This assignment explores designing nonlinear behavior using optimization.
In the last assignment we gave you a bipedal walking simulation. Now we would like you to design/tune a controller using optimization. First you must define an appropriate optimization criterion. Then you must set up the optimization process. Note that the optimization process is likely to be slow, so you should start on the assingment early.
Part 1: Minimize torque magnitudes while walking at a defined speed (1.0m/s): Find a steady state walking pattern that minimizes torques. We would like to minimize the maximum torques. It may be easier to minimize the sum of squared torques.
Part 2: Do 1 of:
2A) Maximize efficiency. Let's assume that torque is proportional to electric current, and that the "fuel" is electrons stored in a battery. Find a gait that maximizes the distance travelled given a fixed amount of electrons, which seems to imply a fixed amount of the sum( abs( torque ) ). This is a very simplistic model (no back-EMF braking, no regeneration or charging of the battery).
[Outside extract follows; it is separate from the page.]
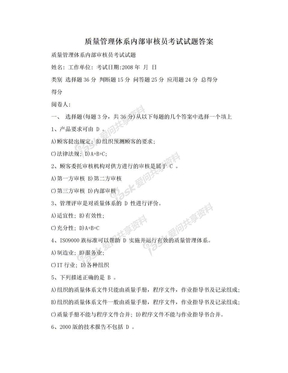 质量管理体系内部审核员考试试题答案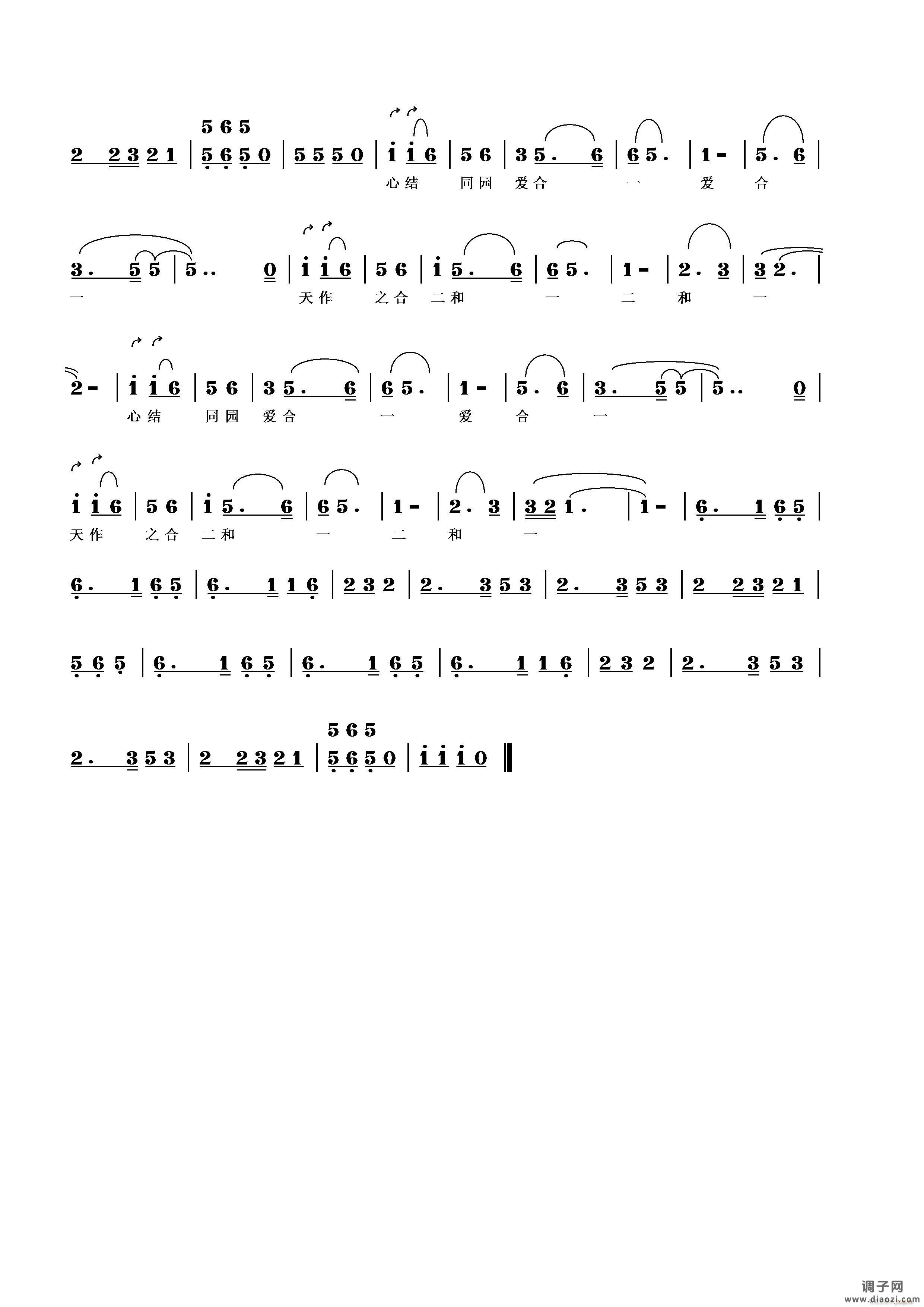 [民通]  红双喜 词 古柳先生 曲 笨笨偶哟....呵....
You can propose a more realistic model and optimize that.
2B) Jump as high as possible from a standing start.
2C) Jump as far as possible from a standing start.
2D) Jump as high as possible from a running start.
2E) Jump as far as possible from a running start.
Part 3: Maximze robustness. First define what this might mean. Intuitively, I would like a controller to work on different robots that are slightly different, and handle a wide range of initial conditions and perturbations. What optimization criterion and optimization process would find such a controller?
There are many sources of optimization routines available free on the web. One is the Gnu Scientific Library. A test program for the Amoeba (Nelder-Mead) optimizer is available here. It includes instructions on how to install GSL on Windows.
Here is a multiple model simulator that will run faster than the assignment 2 simulator (walk03.zip). You can copy the new and modified files into your version of walk03. What changed?
In walk04/walk/ New files dynamics-impact.c: multiple model dynamics sdfast: multiple new sdfast generated subroutines lu.c: LU solver: solve for x in matrix equation Ax = b Modified files Makefile main.h parameters.c
You can use any type of computer/OS/language you want. You can work in groups or alone.